Beim jüngsten Expertengespräch der Westallianz berichten Vertreter der Bürgerenergiegenossenschaft im Landkreis Pfaffenhofen von ihren Erfahrungen. Auch im Dachauer Land wird es ab Herbst eine interkommunale Energiegenossenschaft geben.

Von Alexandra Vettori, Odelzhausen

Es herrscht eine Art Goldgräberstimmung auf dem Energiesektor, mit dem weitgehenden Fall der 10-H-Regelung für Windräder nun auch in Bayern. Und bevor die großen Konzerne bei den Erneuerbaren Energien ihre Felder endgültig abgesteckt haben, gilt es für kleine, regionale, gar bürgerorientierte Gruppierungen und Genossenschaften, sich zu beeilen.

Die Westallianz, ein Zusammenschluss von sieben Gemeinden aus den Landkreisen Dachau und Fürstenfeldbruck, hat ihr jüngstes Expertengespräch diesem Thema gewidmet, der Titel lautete "Zukunftsmodell Bürgerenergie". Als Referenten waren zwei Vertreter der Bürgerenergiegenossenschaft im Landkreis Pfaffenhofen an der Ilm gekommen: Der Aufsichtsratsvorsitzende Oliver Eifertinger, Rechtsanwalt und Steuerberater, sowie Vorstandsvorsitzender Andreas Herschmann.

Deutschland gibt sehr viel Geld für Energieimporte aus

Dass das Thema interessiert, zeigten die über 50 Zuhörerinnen und Zuhörer, die in das Gemeinschaftshaus im Odelzhauser Ortsteil Unterumbach gekommen waren. Natürlich steht bei der Energiewende Klimaschutz an erster Stelle , doch Andreas Herschmann rechnete vor, welche monetären Dimensionen der Energiebereich aufweist: Deutschland habe im vergangenen Jahr zwischen 300 und 400 Milliarden für Energieimporte gezahlt. "Das Geld ist weg, es fließt aus Deutschland raus, und da gibt es keine Möglichkeit der Partizipation", sagte er. Dazu bezahle der Steuerzahler gerade einen Netzausbau, "damit die Konzerne ihr Geschäftsmodell beibehalten können: Großkraftwerke, in die niemand reinschauen kann".
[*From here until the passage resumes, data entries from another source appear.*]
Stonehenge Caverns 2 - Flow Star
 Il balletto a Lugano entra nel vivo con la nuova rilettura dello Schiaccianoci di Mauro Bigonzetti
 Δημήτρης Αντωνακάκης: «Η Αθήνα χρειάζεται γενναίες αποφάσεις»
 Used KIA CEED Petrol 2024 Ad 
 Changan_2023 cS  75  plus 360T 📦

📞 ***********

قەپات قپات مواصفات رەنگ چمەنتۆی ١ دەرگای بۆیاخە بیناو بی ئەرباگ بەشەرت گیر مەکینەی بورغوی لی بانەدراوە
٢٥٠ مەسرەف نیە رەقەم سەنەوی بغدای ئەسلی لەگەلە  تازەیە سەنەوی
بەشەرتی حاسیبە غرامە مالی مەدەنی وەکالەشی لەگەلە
Demgegenüber stehe die "Demokratisierung der Energiewirtschaft" wie sie mit Bürger-Beteiligungsmodellen verwirklicht würden. Herschmanns Appell: "Wir sollten uns das Thema Energie ganz schnell wieder holen." Wie, das steht für ihn fest, mit "kleinen, dezentralen Anlagen überall". Welche unterschiedlichen Beteiligungsmodelle es gibt, erläuterte Rechtsanwalt Eifertinger.

In Pfaffenhofen an der Ilm hat man dafür schon 2012 eine Bürgerenergiegenossenschaft gegründet, die aus dem engagierten Energie- und Solarverein hervorging. Die Beteiligung ist denkbar einfach: Ein Genossenschaftsanteil kostet 100 Euro, insgesamt darf eine Person oder Organisation nicht mehr als 50 Anteile erstehen. Mit dem Stimmengewicht hat das nichts zu tun, da in einer Genossenschaft jeder nur eine Stimme hat, egal wie viele Anteile er hält. Allerdings vermeidet man durch die Begrenzung der Stimmen, dass der Ausstieg eines Akteurs, der viele Stimmen hat, zu einer wirtschaftlichen Schieflage der Genossenschaft führen kann.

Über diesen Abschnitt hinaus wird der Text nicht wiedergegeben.